Debugging a memory problem

sameid · Post by **sameid** » Fri Apr 07, 2017 8:24 pm

I have a "memory leak" - why do I chose to call it a memory problem and not a memory leak in the title? Because I am not convinced of it yet...

I am running Micropython on Windows with varying sizes of GC heap.

My application implements an echo server using socket code (C and Py code) that I wrote myself.

Since I don't want to "indulge" you with the pleasure of reading massive amounts of new code - I will try to explain the problem I am having using the output experience:

After I run my echo server for some time (the remote client sends zero/random bytes) I am running out of memory.

Hypothesis 1:
Root pointers still point to objects I gradually allocate over time and eventually I run out of memory

Refute 1:
When I add a call to gc.collect at specific points in my code (like right after calling recv) - I never run out of memory - server keeps working - regardless of how small the heap is (even works with 50k).
This means that all my objects are being abandoned and eventually freed - in contrast to Hypothesis 1.

Hypothesis 2:
Fragmentation problem - when I don't call gc.collect all the time - the heap is getting very fragmented and I can not allocate new memory.

Refute 2:
When memory fails being allocated - I print the heap - after a call to gc.collect - there is no fragmentation - just a heap full of objects with no free space at all.

Before I go deeper:
I can print the entire memory of MP when run out of memory and start building a reference graph.
I'm not sure this is the right approach since I didn't even establish that it is a classic memory leak problem...
So I am here trying to get a better insight at memory management in MP.

Spooky action at a distance:
When I make small modifications to the code - for example - adding a global counter to the recv function in my Py code - suddenly everything works - without calling gc.collect - I don't run into memory problems - Paranormal activity?

Will appreciate the slightest help,
Sam

dhylands · Post by **dhylands** » Fri Apr 07, 2017 10:03 pm

We've had issues in the past where if you allocate a block and need say the first 8 bytes, but the last 8 bytes had a stale pointer from what was in the block previously, that this could then cause memory to not be freed when it should be.

But I'm pretty sure that was fixed.

To me the "Adding code and then things work" is very often indicative of memory and/or stack trampling (that's not python experience, but rather embedded C experience).
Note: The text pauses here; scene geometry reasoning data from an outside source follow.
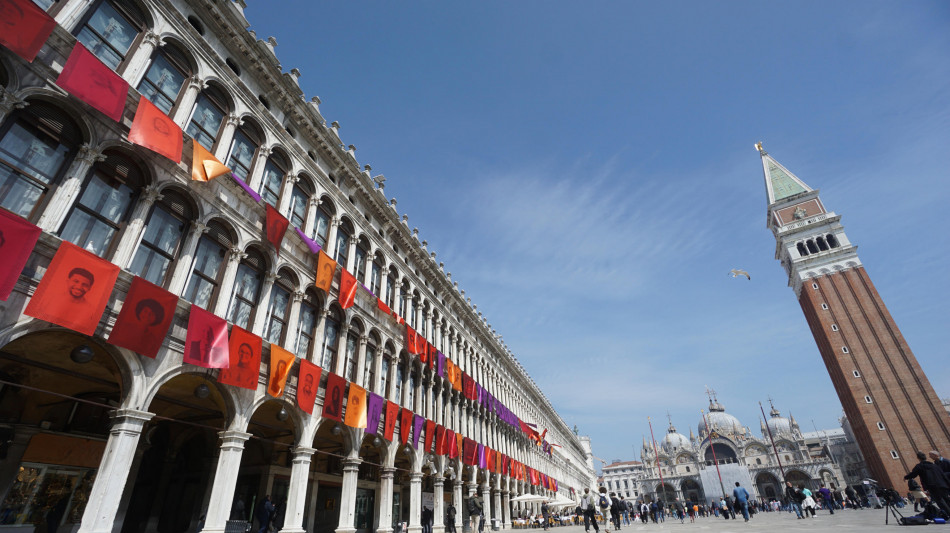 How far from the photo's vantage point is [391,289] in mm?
22406

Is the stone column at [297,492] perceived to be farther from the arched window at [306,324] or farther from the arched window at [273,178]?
the arched window at [273,178]

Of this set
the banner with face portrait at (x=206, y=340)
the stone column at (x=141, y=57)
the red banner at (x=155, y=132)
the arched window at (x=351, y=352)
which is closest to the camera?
the red banner at (x=155, y=132)

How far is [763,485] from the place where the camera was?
89688 millimetres

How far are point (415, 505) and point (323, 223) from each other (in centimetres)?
1287

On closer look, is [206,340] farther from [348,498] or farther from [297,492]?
[348,498]

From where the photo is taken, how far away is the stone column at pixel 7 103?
26.5ft

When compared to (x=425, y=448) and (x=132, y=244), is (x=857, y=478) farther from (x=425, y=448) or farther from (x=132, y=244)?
(x=132, y=244)

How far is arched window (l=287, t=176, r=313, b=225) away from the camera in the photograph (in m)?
15.9

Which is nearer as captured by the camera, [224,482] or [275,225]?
[224,482]

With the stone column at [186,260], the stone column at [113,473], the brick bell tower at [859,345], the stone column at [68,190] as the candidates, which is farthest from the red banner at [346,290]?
the brick bell tower at [859,345]

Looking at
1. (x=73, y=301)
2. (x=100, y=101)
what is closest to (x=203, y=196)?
(x=100, y=101)

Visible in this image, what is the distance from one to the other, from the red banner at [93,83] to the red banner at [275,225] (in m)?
4.39

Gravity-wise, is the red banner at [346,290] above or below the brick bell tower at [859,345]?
below

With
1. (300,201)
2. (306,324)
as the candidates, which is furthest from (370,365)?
(300,201) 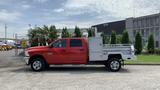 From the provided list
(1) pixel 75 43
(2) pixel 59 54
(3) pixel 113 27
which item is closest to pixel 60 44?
(2) pixel 59 54

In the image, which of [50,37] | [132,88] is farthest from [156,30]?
[132,88]

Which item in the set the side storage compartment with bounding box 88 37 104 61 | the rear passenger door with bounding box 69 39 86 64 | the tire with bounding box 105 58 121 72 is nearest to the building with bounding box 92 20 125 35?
the tire with bounding box 105 58 121 72

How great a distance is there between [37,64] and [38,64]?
0.19 ft

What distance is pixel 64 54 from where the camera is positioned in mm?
17531

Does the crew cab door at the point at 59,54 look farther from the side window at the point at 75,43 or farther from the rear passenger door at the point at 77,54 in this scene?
the side window at the point at 75,43

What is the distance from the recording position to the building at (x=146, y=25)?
6756cm

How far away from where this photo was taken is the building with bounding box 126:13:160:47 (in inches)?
2660

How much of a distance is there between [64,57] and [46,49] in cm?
113

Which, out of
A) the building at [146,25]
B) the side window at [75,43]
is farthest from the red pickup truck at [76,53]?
the building at [146,25]

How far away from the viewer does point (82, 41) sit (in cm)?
1772

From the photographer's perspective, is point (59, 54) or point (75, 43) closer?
point (59, 54)

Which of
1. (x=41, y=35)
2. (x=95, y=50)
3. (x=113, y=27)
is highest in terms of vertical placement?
(x=113, y=27)

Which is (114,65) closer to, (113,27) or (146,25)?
(146,25)

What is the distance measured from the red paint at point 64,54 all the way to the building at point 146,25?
153 feet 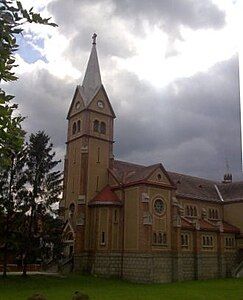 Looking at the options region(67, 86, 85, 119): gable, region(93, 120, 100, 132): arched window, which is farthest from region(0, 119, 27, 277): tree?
region(67, 86, 85, 119): gable

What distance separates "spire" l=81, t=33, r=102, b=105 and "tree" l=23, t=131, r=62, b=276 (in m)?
11.4

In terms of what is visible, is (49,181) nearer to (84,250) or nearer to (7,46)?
(84,250)

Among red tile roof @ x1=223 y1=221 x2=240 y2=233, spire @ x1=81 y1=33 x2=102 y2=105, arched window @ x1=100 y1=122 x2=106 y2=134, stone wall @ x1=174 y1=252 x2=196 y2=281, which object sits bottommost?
stone wall @ x1=174 y1=252 x2=196 y2=281

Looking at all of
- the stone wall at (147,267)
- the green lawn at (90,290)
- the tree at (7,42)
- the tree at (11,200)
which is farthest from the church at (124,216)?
the tree at (7,42)

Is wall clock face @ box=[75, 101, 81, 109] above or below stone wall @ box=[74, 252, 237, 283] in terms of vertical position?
above

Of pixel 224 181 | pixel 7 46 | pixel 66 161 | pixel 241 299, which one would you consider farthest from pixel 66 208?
pixel 7 46

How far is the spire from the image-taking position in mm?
54531

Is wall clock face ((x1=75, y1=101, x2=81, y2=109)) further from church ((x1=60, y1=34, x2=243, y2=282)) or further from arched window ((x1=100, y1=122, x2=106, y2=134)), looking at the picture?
arched window ((x1=100, y1=122, x2=106, y2=134))

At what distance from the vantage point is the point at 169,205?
4844cm

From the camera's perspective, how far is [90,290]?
33.9 metres

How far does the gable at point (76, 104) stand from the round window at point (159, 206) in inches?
639

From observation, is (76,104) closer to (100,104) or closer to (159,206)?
(100,104)

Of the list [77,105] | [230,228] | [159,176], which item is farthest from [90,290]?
[230,228]

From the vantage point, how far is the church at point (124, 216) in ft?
149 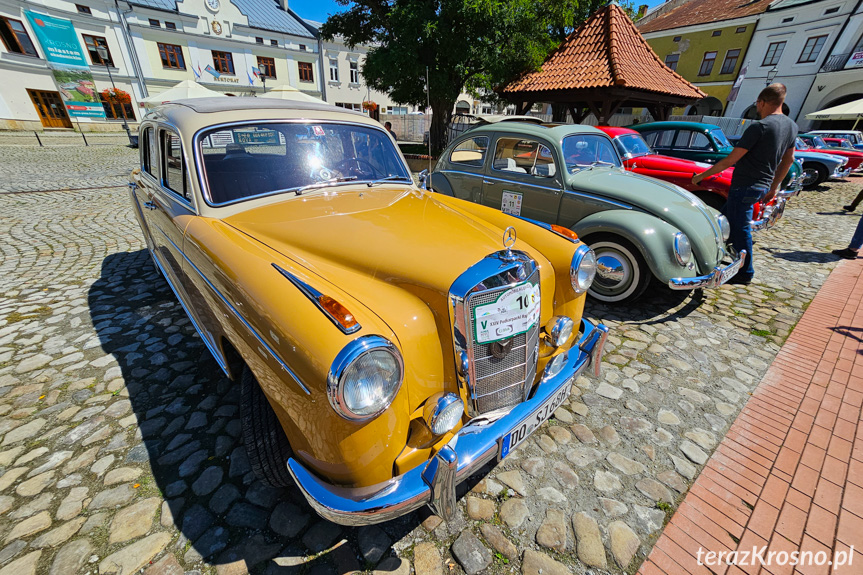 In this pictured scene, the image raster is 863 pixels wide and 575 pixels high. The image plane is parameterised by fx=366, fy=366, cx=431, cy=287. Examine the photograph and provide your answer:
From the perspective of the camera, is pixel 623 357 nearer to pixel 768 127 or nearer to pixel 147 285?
pixel 768 127

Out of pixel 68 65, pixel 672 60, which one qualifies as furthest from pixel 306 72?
pixel 672 60

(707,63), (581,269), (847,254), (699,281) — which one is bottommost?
(847,254)

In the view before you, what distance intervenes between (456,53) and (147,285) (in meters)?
11.0

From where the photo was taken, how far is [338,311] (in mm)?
1501

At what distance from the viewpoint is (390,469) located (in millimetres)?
1542

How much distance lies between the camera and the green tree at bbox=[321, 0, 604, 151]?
11109mm

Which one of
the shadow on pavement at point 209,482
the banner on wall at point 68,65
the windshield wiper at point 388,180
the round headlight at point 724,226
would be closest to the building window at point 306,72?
the banner on wall at point 68,65

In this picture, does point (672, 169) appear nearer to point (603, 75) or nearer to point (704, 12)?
point (603, 75)

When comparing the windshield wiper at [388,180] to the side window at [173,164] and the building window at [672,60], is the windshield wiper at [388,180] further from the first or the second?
the building window at [672,60]

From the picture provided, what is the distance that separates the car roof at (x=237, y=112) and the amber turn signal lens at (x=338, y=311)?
71.3 inches

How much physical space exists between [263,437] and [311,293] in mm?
824

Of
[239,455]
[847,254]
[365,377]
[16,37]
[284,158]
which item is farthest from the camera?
[16,37]

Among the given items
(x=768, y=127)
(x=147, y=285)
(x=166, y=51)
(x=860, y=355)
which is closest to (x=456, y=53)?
(x=768, y=127)

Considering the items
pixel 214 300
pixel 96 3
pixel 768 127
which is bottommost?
pixel 214 300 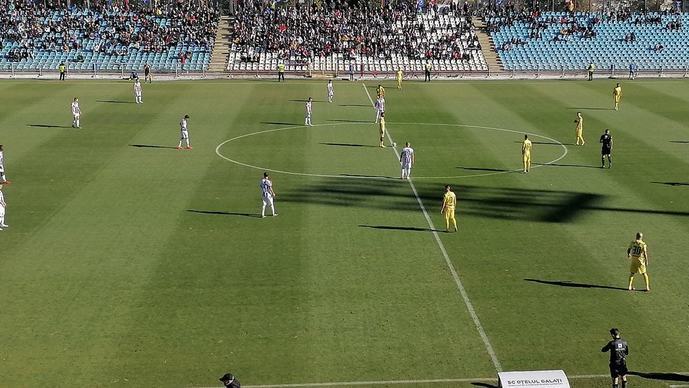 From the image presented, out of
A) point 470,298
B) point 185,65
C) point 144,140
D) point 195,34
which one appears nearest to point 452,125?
point 144,140

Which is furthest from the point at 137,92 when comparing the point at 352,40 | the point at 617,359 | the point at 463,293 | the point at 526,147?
the point at 617,359

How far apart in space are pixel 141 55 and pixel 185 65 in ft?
18.2

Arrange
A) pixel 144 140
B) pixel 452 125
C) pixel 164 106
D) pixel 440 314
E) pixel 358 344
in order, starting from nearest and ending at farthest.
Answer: pixel 358 344, pixel 440 314, pixel 144 140, pixel 452 125, pixel 164 106

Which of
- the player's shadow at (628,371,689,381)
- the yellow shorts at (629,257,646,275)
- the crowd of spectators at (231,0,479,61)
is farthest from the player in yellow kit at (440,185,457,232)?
the crowd of spectators at (231,0,479,61)

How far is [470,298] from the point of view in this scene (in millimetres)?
24938

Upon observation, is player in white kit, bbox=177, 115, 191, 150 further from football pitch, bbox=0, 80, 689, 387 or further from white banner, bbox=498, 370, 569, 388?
white banner, bbox=498, 370, 569, 388

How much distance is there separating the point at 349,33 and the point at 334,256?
7091cm

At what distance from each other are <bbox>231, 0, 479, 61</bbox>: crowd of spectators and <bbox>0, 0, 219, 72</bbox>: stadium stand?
4.61 m

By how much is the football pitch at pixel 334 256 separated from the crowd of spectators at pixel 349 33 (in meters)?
39.2

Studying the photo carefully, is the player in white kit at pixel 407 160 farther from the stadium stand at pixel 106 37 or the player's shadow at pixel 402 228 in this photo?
the stadium stand at pixel 106 37

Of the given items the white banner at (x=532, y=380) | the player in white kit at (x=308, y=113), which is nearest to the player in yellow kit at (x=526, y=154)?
the player in white kit at (x=308, y=113)

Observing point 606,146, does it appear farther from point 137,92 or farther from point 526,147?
point 137,92

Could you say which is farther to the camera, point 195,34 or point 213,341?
point 195,34

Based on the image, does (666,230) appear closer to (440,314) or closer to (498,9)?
(440,314) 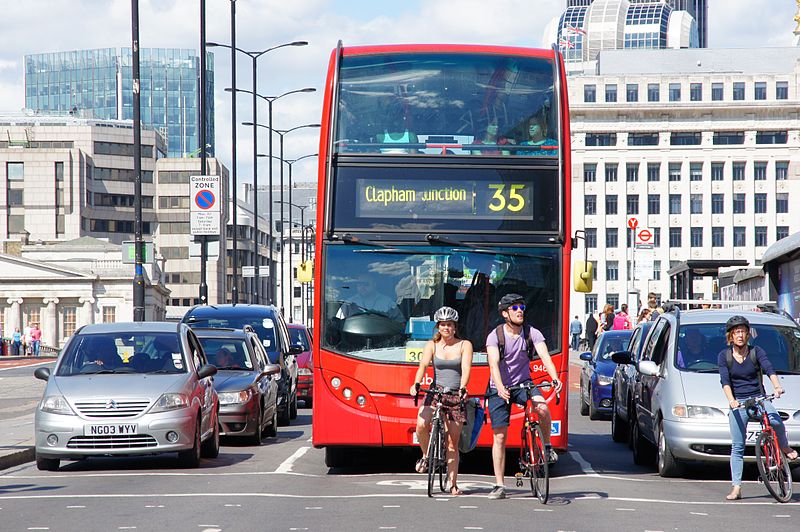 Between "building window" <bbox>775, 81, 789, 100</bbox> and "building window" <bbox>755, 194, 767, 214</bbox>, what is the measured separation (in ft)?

If you have your own custom objects (i.e. implemented in C) then its possible to have dangling pointers within those objects which would cause the GC to hold on to memory it shouldn't.

It's probably worth continuing down the path of doing the reference graph to understand why all of those blocks are being held. You should discover a dangling pointer someplace.

I've often thought it would be useful to have a function which given the address of the block, identifies what's keeping that block in the heap. It seems like it would be useful for debugging purposes.

stijn · Post by **stijn** » Sat Apr 08, 2017 7:56 am

When I add a call to gc.collect at specific points in my code (like right after calling recv) - I never run out of memory

If you don't add that call, is garbage collection ever called? It should be called automatically, see gc_alloc function in gc.c.

sameid · Post by **sameid** » Sat Apr 08, 2017 9:47 am

Dave,

It's hard for me to understand how come it's a dangling pointer issue - because when I do add some gc.collect code in specific places - I don't experience any leaks - meaning no dangling pointers at the moment I call gc.collect.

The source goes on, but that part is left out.